Par la suite, il a fallu justifier cette procédure et faire oublier cette intervention directement politique. Les juridictions saisies sur le fond déclarèrent François Fillon coupable et prononcèrent des peines inhabituellement sévères, assortissant leurs décisions de cours de morale publique, sentencieux et intempestifs. Leçons qui sont devenus d’ailleurs une habitude dès lors que ce sont des membres de la classe politique qui sont poursuivis. Comme pour les affaires Sarkozy, la Cour de cassation valida tranquillement toutes les acrobaties procédurales.
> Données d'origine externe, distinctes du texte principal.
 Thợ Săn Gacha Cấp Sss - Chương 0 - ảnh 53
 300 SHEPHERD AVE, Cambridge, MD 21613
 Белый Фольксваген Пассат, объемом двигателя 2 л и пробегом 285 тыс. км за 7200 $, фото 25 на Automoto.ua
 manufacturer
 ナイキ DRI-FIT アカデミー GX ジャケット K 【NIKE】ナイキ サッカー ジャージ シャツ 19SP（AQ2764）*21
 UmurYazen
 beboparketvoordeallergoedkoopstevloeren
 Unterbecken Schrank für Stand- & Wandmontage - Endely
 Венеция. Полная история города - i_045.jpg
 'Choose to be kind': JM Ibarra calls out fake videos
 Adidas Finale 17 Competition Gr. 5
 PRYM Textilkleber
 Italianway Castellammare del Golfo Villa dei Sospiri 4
La Cour d’appel de Paris confirma la condamnation de François Fillon et celui-ci se pourvut alors en cassation. Et c’est à ce stade qu’il formula sa Question prioritaire de constitutionnalité (QPC) pour faire constater par le Conseil le caractère inconstitutionnel de l’article 385 du code de procédure pénale. Celui-ci interdit que l’on puisse soulever des nullités de procédure postérieurement à l’ordonnance de renvoi du juge d’instruction devant le tribunal. C’est une violation légale grossière des droits de la défense due au fait qu’en France, on préfère l’ordre à la justice et que l’on déteste le formalisme procédural. En oubliant ce que disait le philosophe fonctionnaliste Rudolf von Jhering : « Ennemi juré de l’arbitraire, la forme est la sœur jumelle de la liberté », François Fillon avait soulevé des nullités qu’il venait seulement d’apprendre, devant la Cour de Paris. Elles furent écartées sans même être débattues. Le Conseil constitutionnel nous a enfin débarrassés de cette atteinte aux droits des justiciables.
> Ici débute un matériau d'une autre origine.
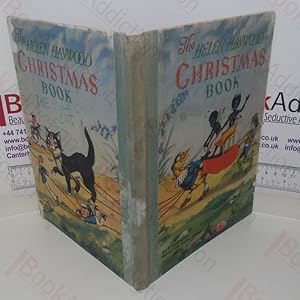 Seller image for The Helen Hayward Christmas Book for sale by BookAddiction (ibooknet member)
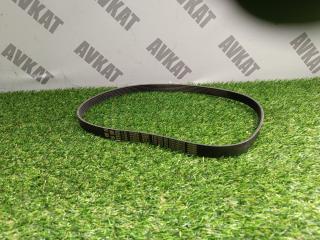 ремень генератора BMW X7 G07 [рестайлинг] G07 2024, 3.0 л., B58B30P, бензин, АКПП, карбон шварц 416, полный привод, 9453610, 11289453610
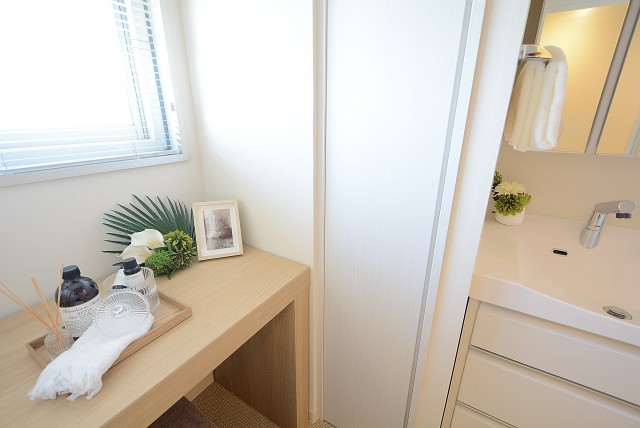 シーアイマンション桜上水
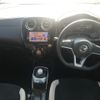 nissan note 2016 -NISSAN--Note HE12-012498---NISSAN--Note HE12-012498- image 4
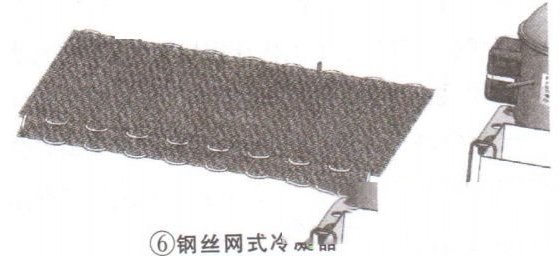 155357dyizrij9coii44d1.jpg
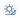 Heat reduction icon showing sunlight reflected by solar control window film 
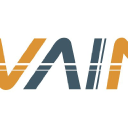 Viivain Oy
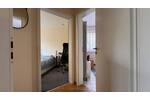 Etagenwohnung Aachen Lichtenbusch - 2 Zimmer, 66 m&sup2;, 189.000&euro; | Angebot:26799107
La lecture du considérant N°16 de la décision ne laisse pas de place pour le doute : l’arrêt de la Cour d’appel de Paris condamnant François Fillon devrait être annulé par la Cour de cassation et l’affaire rejugée devant une autre cour d’appel. Donc si l’on évalue les délais au doigt mouillé, nous aurons probablement l’arrêt d’annulation en mars 2024 avec un probable renvoi devant la Cour d’appel de Versailles pour fin 2025. On imagine que le corporatisme jouera à nouveau à plein et que Fillon sera condamné. Ce qui donnerait lieu à un nouveau pourvoi en cassation avec arrêt fin 2026. Si je peux me permettre une facétie, je conseillerais aux hauts magistrats de rendre leur décision le 25 janvier 2027, jour anniversaire de l’article téléguidé du Canard enchaîné. Ce serait assez savoureux, 10 ans tout juste après le début du raid judiciaire organisé par la bande de François Hollande — Jean-Pierre Jouyet, Éliane Houlette, Isabelle Champrenault, Serge Tournaire — pour disqualifier la candidature de François Fillon, favorisant ainsi l’élection d’Emmanuel Macron. 10 ans : cela fera les deux mandats de celui-ci. 10 ans qui lui auront permis d’abîmer la France au-delà de ce que l’on pouvait imaginer.

Je me rappelle une discussion avec le politologue Jérôme Sainte-Marie au printemps 2017, lors de laquelle il m’avait dit : « Tu ne reconnaîtras pas la France après les mandats de Macron. » Il avait malheureusement raison.